Call for union’s falling finances to be explained
Community activist Raymond Russell yesterday called for more information on how Bermuda Industrial Union’s cash in the bank plummeted from more than $1.5 million to $75,000 in five years.
Mr Russell, a long-time critic of the BIU, also questioned what happened to $3.18 million which appeared to be lost from the BIU’s wholly-owned subsidiary Union Asset Holdings during 200⅞.
And he warned the members will ultimately suffer if the union’s $663,000 deficit from 2008/9 is frequently repeated in subsequent years.
He was speaking after the union’s audited financial statements, released on Monday after months of accusations of unaccountability, showed its total assets fell from $11.85 million in 2006/7 to $8.11 million in 2008/9, the most up-to-date statement filed.
Much of the union’s assets are in property, with $4.44 million in offices and buildings, $765,000 in land, $2.57 million in other assets as well as the $75,000 in the bank.
One Bermuda Alliance Senator Michael Fahy says union members have been approaching him concerned there’s not enough money in the coffers to pay them if they’re forced into strike action this year.

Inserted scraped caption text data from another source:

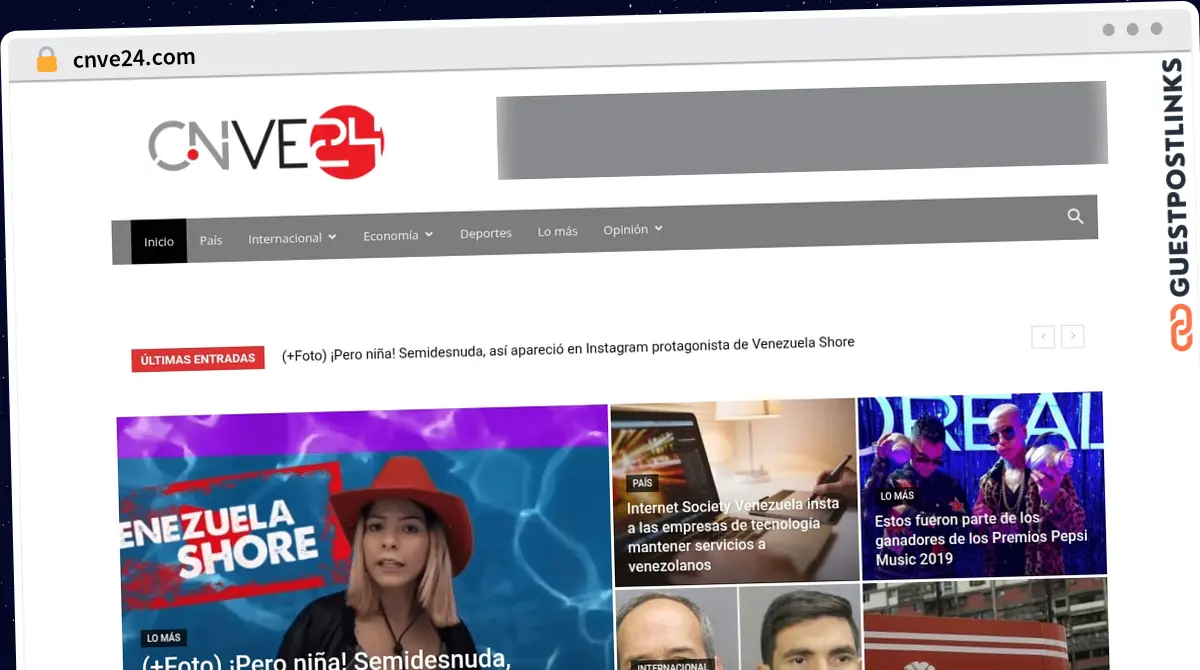 Publish Guest Post on cnve24.com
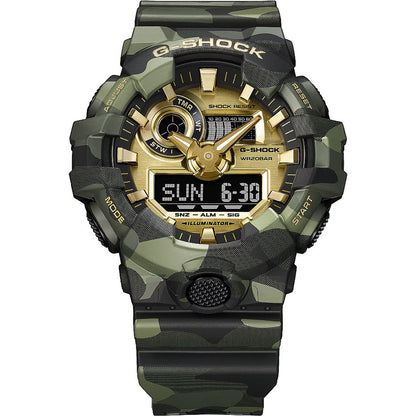 Мъжки часовник Casio G-Shock - GA-700CMG-3AER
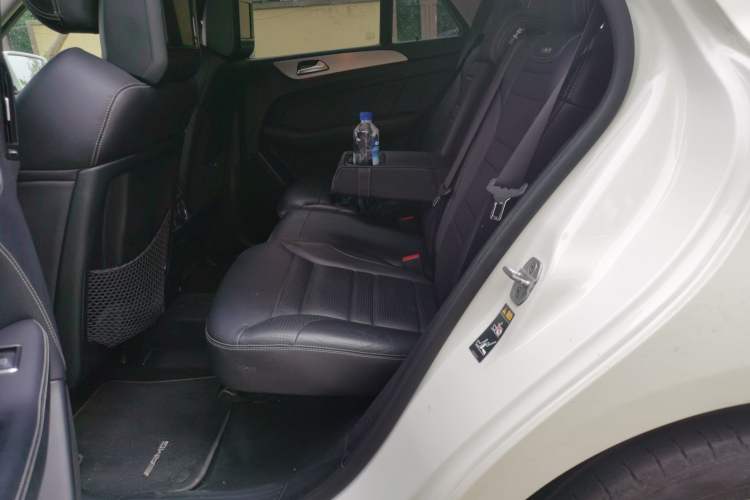 Used Mercedes-Benz M-Class AMG 2012 AMG ML 63 Left Rear Seat
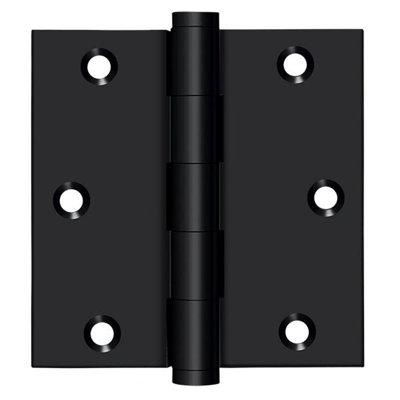 Charnière carrée de 3 1/2 po x 3 1/2 po Deltana DSB3519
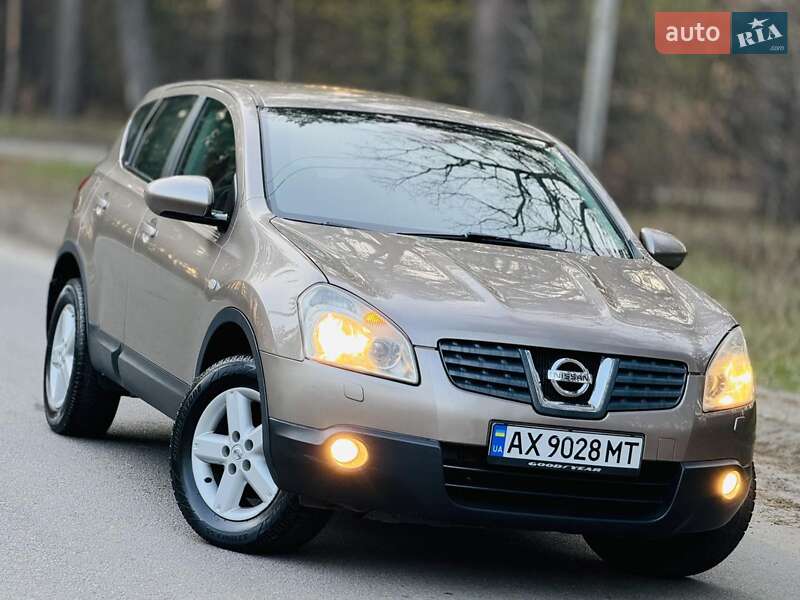 Nissan Qashqai (2008)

Reflecting on the newly released statements, Mr Russell said yesterday: “There’s no information here.
“Of course, the union should come out and say how they got to $75,000 cash in the bank. Where did the $3 million go [from Union Asset Holdings]?
“If they are short of $600,000 in the last year they filed, they aren’t going to right that. They will be short again the next year.
“If it continues there will be less and less money, and the members will have problems. They should be looking after the membership.”
The union’s financial statements for 2000 to 2009 show cash in the bank was it highest point of $1.96 million on September 30, 2002.
In 2004, the figure was $1.58 million; in 2005 it was $1.39 million; in 2006 it had fallen to $475,000; in 2007, it was $338,000; in 2008, $89,750; in 2009, $75,153.
BIU president Chris Furbert has said the financial statement for 2009/10 will be filed soon, bringing it into line with the Trade Union Act 1965. He has described the union’s financial shape as good.
Mr Russell has been a thorn in the BIU’s side for decades, arguing vast amounts of cash are spent on high salaries for union staff while workers miss out on sick benefit.
Yesterday, he said he felt tired of waging a one-man campaign, complaining that politicians have failed to hold the union to account.
“The Opposition party should be doing their job properly. I’m tired of it,” he said.
“There are 36 Members of Parliament. People keep saying we have a Government, they should be dealing with this. This is important to the Country.”
Mr Furbert did not respond to a request for comment yesterday.